James Bromley: In the online tech sector the valley of death is normally between the R&D hitting the marketplace, and then consumer adoption and eventually monetisation of that adoption. People have long talked about the UK having somewhat of a deficit in the middle funding there. I think it is improving, but the ability to move incredibly fast but then take a long bet on adoption to be a global player, as opposed to monetising a small market, is a challenge now. Being able to use your funds efficiently becomes very important, for which reason the R&D tax credits work incredibly well for us. There are improvements we can make there which fiscally would make very little difference in terms of cost, but would make a great improvement for individual companies. At the moment, they are conducted on an annual basis at the end of the financial year. Typically, you may not get your R&D tax credit for 15 months after you first start incurring the cost, at best. It has to be said that they are very efficient in the way they are processed and they are paid very quickly, which is great, but moving to a model that is more like VAT, which is quarterly, even if there was an ability to pull back if there was a disagreement at a later stage, would be very important. Many businesses in the early stages of funding have runways where £500,000 could be the difference between running for nine months or three months. That would be a very limited cost to anyone, but a massive benefit to the companies.

 

Q320   Graham Stringer: If you were a combination of Jo Johnson and the Chancellor of the Exchequer, how would you target public funding to improve our performance on innovation? How would you change the current system? Do we have a perfect system?

Dr Beasley: I do not think we have a perfect system yet. There are things we need to iron out. I mentioned intellectual property. That is really one for big business to try to get programmes up and running quickly. The knowledge economy is a global business. Currently, we have a world-class research network, which hopefully we can maintain. I am emphasising the need to maintain the base and the generation of original ideas. Some additional funding in the valley of death, the innovation space, to take those ideas and be able to commercialise them is probably where I would tend to focus, certainly in the short term. I am sure my colleagues will agree that growing small businesses is very difficult. Similarly, we need to take a gamble on some of the innovative technologies coming through quite rapidly now, and where the risk can be reduced, there is definitely interest to do that in areas of the world that support it.

 

Q321   Graham Stringer: Could you make a prediction? Do you think there will be more private sector money going into innovation, or do you think people will sit back and wait for the public sector to put in more money?
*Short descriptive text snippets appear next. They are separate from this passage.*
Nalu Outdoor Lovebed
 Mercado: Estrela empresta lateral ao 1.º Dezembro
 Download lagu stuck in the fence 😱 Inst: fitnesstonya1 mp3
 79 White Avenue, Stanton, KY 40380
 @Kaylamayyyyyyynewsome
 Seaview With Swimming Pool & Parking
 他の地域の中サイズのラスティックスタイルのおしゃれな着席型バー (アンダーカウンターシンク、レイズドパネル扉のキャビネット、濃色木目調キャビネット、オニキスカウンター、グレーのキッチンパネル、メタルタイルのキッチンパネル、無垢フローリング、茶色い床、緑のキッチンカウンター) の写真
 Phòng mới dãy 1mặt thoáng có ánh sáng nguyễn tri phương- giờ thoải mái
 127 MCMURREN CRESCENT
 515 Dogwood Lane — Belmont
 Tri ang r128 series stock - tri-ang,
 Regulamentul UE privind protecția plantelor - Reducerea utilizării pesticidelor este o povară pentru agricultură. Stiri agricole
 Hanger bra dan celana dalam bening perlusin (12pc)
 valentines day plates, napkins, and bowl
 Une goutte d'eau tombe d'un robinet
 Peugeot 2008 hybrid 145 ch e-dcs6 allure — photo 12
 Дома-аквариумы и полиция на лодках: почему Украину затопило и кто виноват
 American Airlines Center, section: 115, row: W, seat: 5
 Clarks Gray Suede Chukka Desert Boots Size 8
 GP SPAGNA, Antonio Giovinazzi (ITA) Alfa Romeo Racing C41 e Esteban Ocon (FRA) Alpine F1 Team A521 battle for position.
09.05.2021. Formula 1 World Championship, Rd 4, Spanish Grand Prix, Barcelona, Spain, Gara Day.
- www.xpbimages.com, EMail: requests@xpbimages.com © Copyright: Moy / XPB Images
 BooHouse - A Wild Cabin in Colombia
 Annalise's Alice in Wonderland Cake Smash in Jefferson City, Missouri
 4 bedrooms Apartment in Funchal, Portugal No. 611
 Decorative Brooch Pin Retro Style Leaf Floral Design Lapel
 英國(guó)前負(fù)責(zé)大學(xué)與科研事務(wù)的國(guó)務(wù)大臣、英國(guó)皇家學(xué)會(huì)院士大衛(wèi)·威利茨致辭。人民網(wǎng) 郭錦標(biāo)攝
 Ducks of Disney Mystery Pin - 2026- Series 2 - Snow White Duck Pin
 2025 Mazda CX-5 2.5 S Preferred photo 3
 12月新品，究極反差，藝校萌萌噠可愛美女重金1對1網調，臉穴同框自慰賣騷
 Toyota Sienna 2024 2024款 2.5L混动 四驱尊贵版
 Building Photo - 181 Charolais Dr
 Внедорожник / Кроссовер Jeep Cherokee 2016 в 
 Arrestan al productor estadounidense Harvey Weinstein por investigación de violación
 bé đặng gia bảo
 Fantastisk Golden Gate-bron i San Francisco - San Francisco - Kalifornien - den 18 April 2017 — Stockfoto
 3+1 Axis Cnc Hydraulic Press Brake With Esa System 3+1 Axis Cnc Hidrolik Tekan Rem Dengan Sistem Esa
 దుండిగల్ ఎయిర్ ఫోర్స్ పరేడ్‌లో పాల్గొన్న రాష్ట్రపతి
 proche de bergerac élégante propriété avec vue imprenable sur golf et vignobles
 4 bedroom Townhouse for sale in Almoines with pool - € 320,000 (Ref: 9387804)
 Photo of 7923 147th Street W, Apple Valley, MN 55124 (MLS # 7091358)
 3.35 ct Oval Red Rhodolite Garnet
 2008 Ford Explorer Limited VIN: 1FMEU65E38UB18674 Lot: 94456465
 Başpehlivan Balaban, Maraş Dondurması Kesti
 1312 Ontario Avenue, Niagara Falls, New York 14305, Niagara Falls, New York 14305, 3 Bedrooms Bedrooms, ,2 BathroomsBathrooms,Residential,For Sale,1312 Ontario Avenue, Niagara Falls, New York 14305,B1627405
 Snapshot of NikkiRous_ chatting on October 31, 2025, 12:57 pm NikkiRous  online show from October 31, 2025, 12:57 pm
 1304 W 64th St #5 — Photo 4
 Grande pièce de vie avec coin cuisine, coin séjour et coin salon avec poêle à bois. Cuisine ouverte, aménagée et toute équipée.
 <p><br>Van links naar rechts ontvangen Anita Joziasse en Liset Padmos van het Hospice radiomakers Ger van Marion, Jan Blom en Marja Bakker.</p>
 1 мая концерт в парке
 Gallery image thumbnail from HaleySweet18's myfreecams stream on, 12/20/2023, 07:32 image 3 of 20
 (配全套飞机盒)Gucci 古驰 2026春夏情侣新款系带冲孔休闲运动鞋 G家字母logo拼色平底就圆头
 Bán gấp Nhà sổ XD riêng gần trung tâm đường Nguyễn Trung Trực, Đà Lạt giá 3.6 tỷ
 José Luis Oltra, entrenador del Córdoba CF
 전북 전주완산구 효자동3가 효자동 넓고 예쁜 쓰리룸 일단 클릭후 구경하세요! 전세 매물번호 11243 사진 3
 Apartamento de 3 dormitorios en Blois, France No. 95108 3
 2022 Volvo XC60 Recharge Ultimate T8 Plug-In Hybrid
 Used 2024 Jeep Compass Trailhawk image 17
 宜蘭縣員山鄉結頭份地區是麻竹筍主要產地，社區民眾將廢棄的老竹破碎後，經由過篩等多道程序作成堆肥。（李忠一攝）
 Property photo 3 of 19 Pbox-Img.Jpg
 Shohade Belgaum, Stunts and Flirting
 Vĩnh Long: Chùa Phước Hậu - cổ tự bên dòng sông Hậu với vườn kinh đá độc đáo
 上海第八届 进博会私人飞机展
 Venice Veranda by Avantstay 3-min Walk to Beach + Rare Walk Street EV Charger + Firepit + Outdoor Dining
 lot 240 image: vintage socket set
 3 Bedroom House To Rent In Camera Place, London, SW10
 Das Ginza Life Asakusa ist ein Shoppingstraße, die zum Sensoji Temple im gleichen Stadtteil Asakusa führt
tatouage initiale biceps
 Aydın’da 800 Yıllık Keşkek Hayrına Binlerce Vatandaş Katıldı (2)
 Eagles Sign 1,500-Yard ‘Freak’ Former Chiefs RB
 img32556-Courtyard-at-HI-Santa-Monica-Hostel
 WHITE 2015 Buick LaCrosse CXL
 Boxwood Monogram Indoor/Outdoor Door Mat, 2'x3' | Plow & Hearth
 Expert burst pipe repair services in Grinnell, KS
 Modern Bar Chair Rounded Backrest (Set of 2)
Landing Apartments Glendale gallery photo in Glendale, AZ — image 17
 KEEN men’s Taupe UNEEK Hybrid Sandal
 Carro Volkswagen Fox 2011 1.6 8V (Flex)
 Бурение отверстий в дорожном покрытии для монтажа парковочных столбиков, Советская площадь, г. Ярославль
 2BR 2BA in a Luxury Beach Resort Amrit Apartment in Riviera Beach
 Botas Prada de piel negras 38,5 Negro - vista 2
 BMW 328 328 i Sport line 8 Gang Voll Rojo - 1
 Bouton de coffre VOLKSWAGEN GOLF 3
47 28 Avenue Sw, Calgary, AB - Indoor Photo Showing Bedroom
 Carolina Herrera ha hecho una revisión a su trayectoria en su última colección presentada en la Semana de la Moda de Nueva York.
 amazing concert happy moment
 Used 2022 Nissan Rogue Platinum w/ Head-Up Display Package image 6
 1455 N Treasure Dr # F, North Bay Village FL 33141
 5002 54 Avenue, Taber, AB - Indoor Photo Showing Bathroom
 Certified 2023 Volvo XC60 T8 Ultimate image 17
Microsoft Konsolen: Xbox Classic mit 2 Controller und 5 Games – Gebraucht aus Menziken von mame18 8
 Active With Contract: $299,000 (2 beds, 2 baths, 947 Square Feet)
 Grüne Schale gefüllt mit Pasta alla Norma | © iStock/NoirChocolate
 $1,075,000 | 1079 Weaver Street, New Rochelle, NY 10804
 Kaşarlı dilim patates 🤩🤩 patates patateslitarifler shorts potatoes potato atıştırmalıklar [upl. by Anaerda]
Dr Beasley: Certainly for business, there is a need for some sort of stability. The introduction of the impact agenda and the industrial strategy five years ago was quite important for us to convince headquarters that there was strategic importance in any investments they made, and we could grow that. The possibility now that some of that would be reversed and that there is potential for a cut would call into question future investment in this particular area.

 

Q322   Graham Stringer: That is answering a slightly different question, isn’t it? I assume a standard level of public sector funding. Do you think that private capital is going to put more money into science and innovation or less over the coming months? Is it going to wait for the public infrastructure in science investment to improve and go on the back of that, as appears to be happening in antibiotics? The development of antibiotics has slowed almost to a halt and they are waiting for an initiative, which has actually happened, where the Government say, “Why don’t we put this money in and do it this way?” Which do you think is going to happen?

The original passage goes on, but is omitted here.